Marc-Olivier Padis, créée le 04-07-2021

"J’ai lu avec beaucoup d’intérêt un dialogue franco-allemand entre deux historiens : Hélène Miard-Delacroix et Andreas Wirsching. Ils dialoguent sur les relations franco-allemandes, essayant de lever des malentendus et de mieux faire comprendre nos histoires respectives. C’est très plaisant à lire, très vif, et on se rend compte à quel point la constitution même de la nation allemande dépend de l’Histoire française, et des agressions successives de la France. Leur conversation va jusqu’à la période contemporaine, et nous laisse voir tout le chantier qu’il y a encore à mener dans le dialogue franco-allemand."


Napoléon l’exposition

David Djaïz, créée le 04-07-2021

"Je profite de cette redondance pour faire une deuxième recommandation : allez visiter la très belle exposition Napoléon à la grande halle de la Villette. Je n’ai pas une sympathie démesurée pour le personnage, je partage le jugement du général de Gaulle, qui faisait remarquer qu’il avait rendue la France plus petite qu’il ne l’avait prise, mais c’est très bien mis en scène, il y a beaucoup de pièces très intéressantes, on peut par exemple y voir la magnifique scène inaugurale du Colonel Chabert, avec la légendaire charge de cavalerie, l’une des plus meurtrières de la Grande armée. "


Cosmogonies. Zinsou, une collection africaine / Marylin Minter : all wet / Betty Tompkins : raw material

Lionel Zinsou, créée le 04-07-2021

"Je vous recommande une visite à Montpellier, au musée d’art contemporain, le Mo.Co. J’y ai vu deux expositions. La première est purement narcissique, il se trouve qu’elle est consacrée à l’art contemporain africain. Comme elle s’appelle « Zinsou » je ne la commenterai pas, et ne vous dirai pas à quel point elle est bien faite et éclairante.
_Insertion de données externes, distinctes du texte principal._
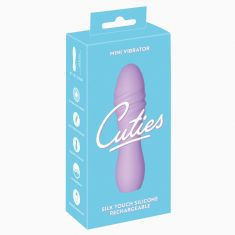 Cuties Mini Vibrator Purple 3.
Je mettrai donc l’accent sur un autre bâtiment, la panacée, qui appartient au même musée. On peut y voir une exposition féministe de deux américaines travaillant avec de passionnantes techniques d’acrylique sur le corps féminin. Leur travail part de dessins et de photos pornographiques, l’exposition est donc interdite aux mineurs non accompagnés, elle vient d’ouvrir et n’a pas encore eu le temps de faire scandale."


Le peuple du Larzac

David Djaïz, créée le 04-07-2021

"Ce n’est pas par fayotage, mais il se trouve que je voulais vous recommander cette semaine le même livre que Philippe. Quand j’ai vu le sous titre : « une histoire de crânes, sorcières, croisés, paysans, prisonniers, soldats, ouvrières, militants, touristes et brebis », cela m’a beaucoup attiré. Effectivement, j’avais du Larzac cette image d’un plateau où une horde de normaliens barbus étaient venus protester dans les années 1970 contre l’extension du camp militaire. Artières nous montre que ce territoire est un bouillons culture depuis bien plus longtemps que cela."